#### [Work instructions]
Copy only what lies from the line containing "Used 2024 Nissan Rogue SL SUV" through the line containing "[101032] 1:43 - GRAPHYLAND" in the entries below, keeping both end lines exact and dropping every picture.

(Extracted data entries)
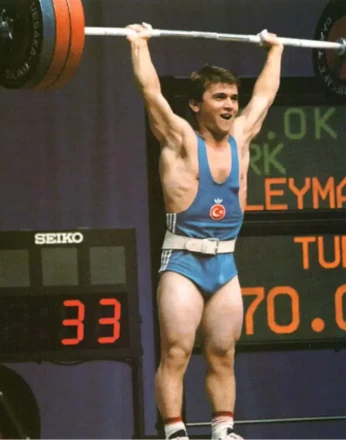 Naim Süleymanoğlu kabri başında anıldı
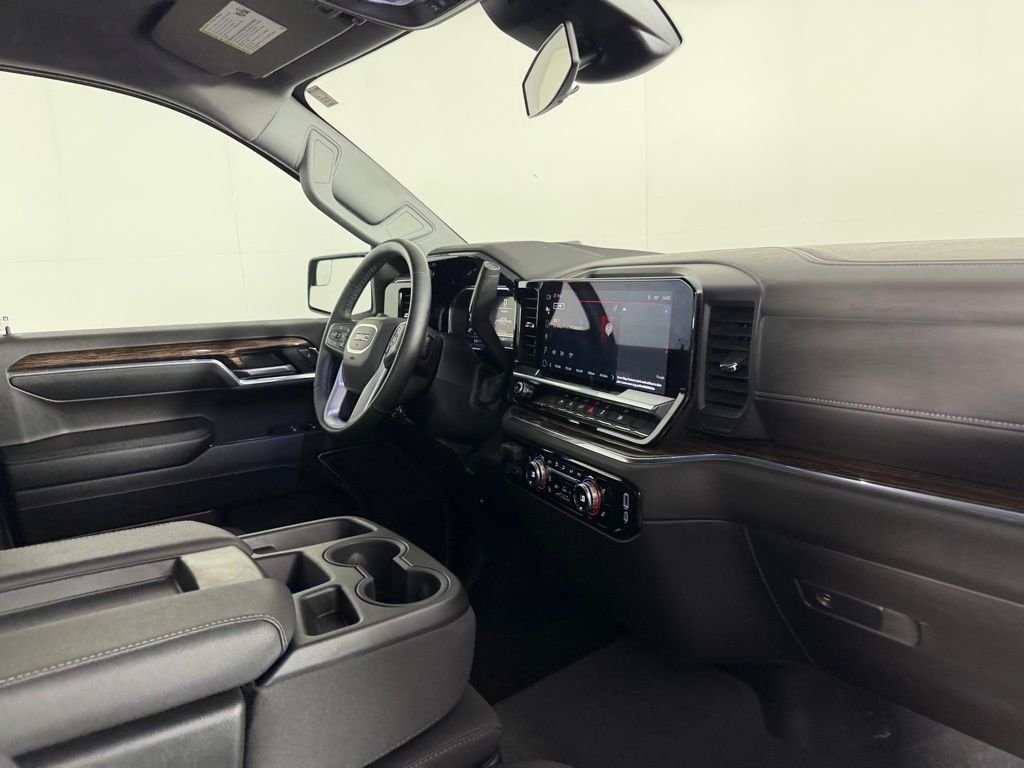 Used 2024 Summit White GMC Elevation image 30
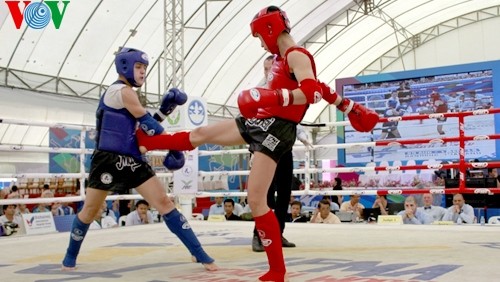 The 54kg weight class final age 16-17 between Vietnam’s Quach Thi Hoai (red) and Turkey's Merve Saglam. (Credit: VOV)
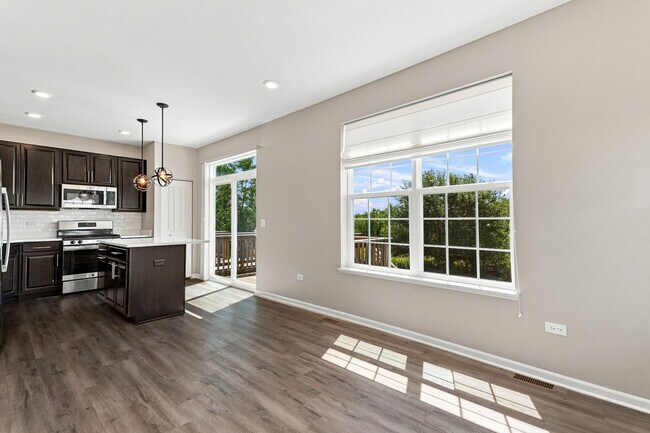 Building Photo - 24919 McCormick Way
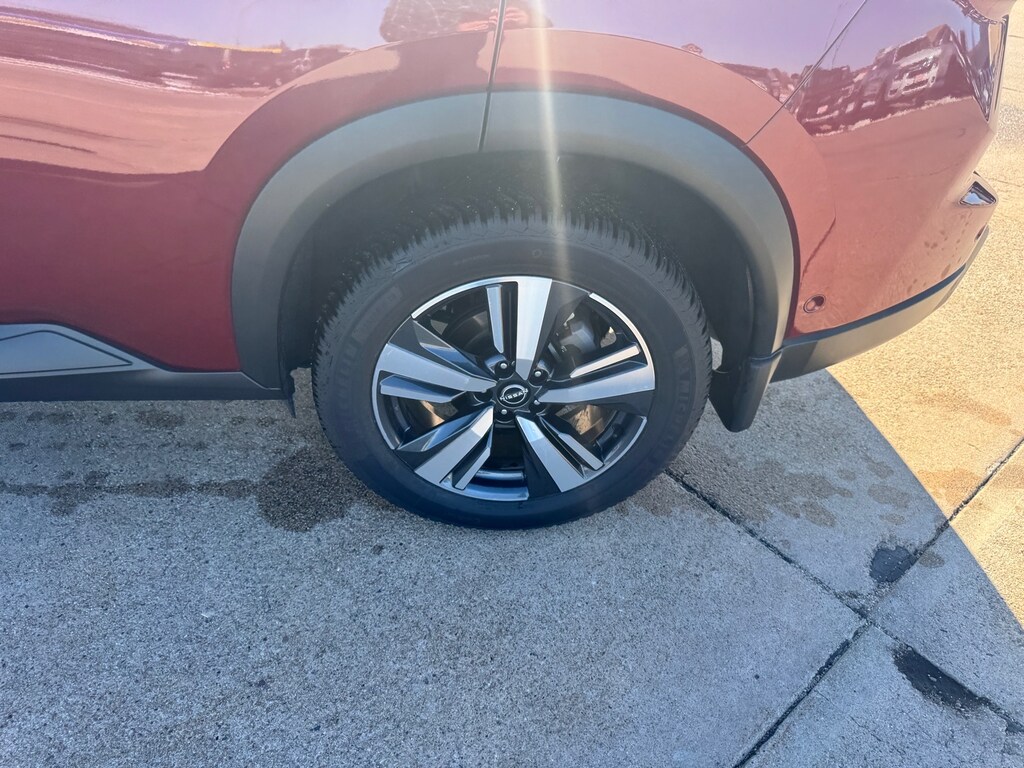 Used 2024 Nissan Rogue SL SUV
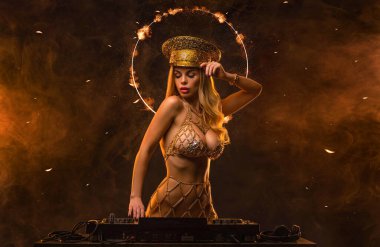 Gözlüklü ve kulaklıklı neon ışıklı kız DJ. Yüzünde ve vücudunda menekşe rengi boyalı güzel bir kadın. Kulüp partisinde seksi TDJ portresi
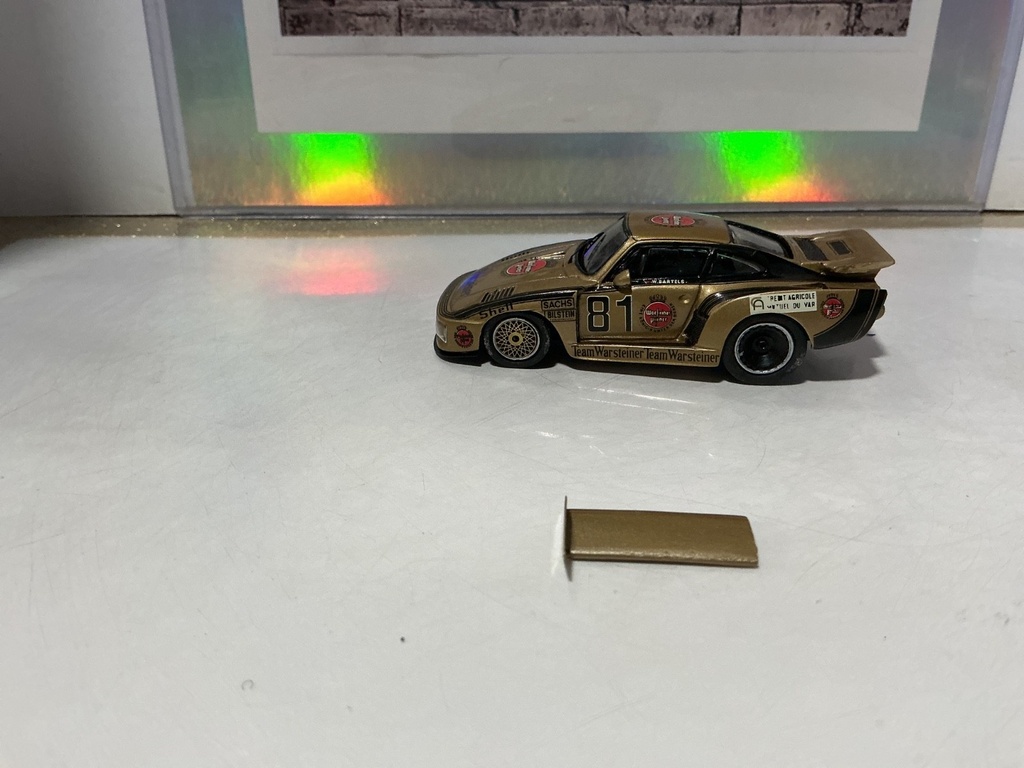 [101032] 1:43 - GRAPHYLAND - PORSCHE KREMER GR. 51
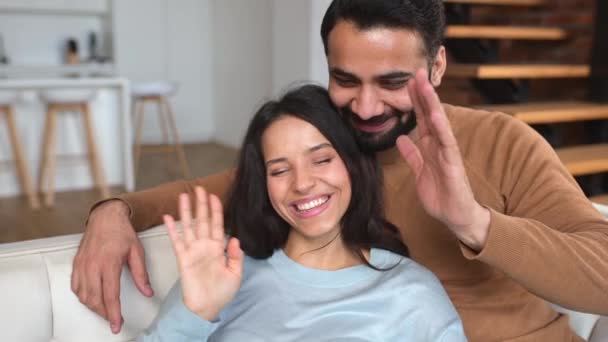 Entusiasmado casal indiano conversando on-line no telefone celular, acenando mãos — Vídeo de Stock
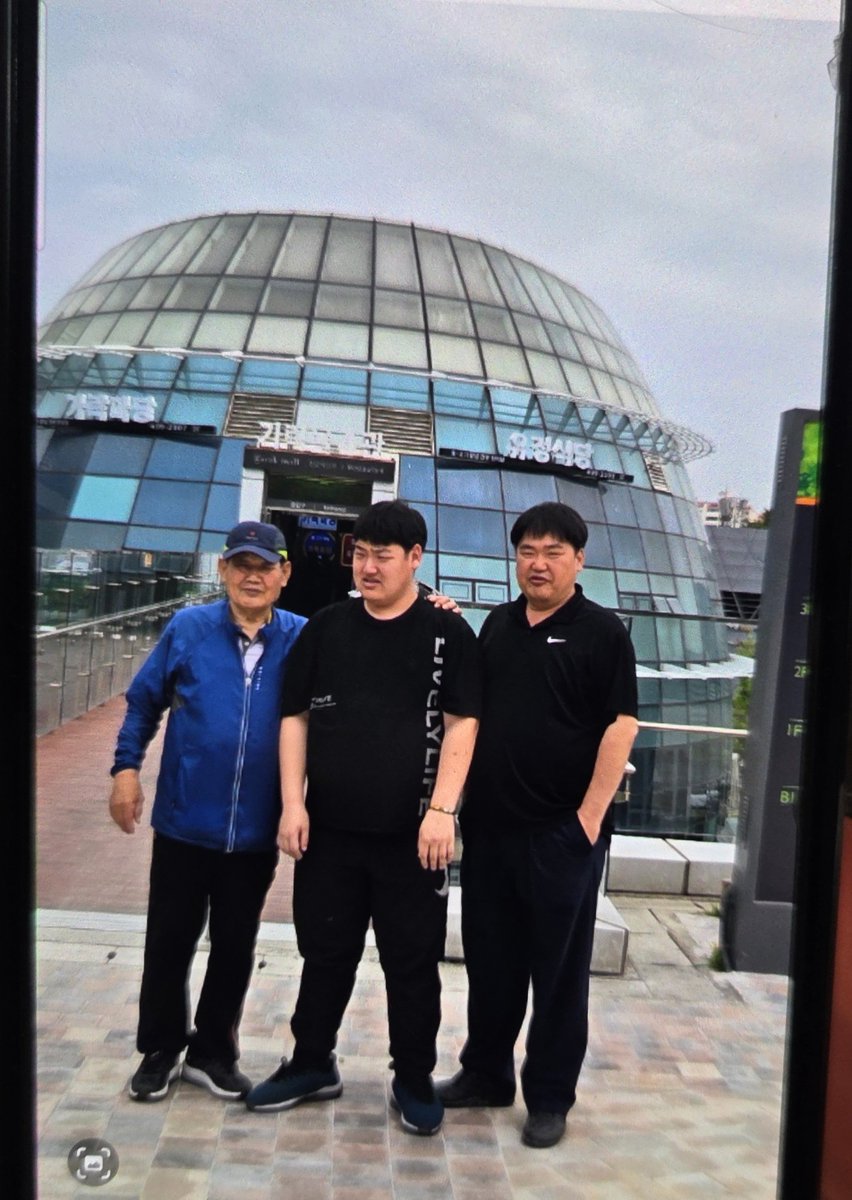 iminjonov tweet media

#### [Answer to this task]
 Used 2024 Nissan Rogue SL SUV
 Gözlüklü ve kulaklıklı neon ışıklı kız DJ. Yüzünde ve vücudunda menekşe rengi boyalı güzel bir kadın. Kulüp partisinde seksi TDJ portresi
 [101032] 1:43 - GRAPHYLAND - PORSCHE KREMER GR. 51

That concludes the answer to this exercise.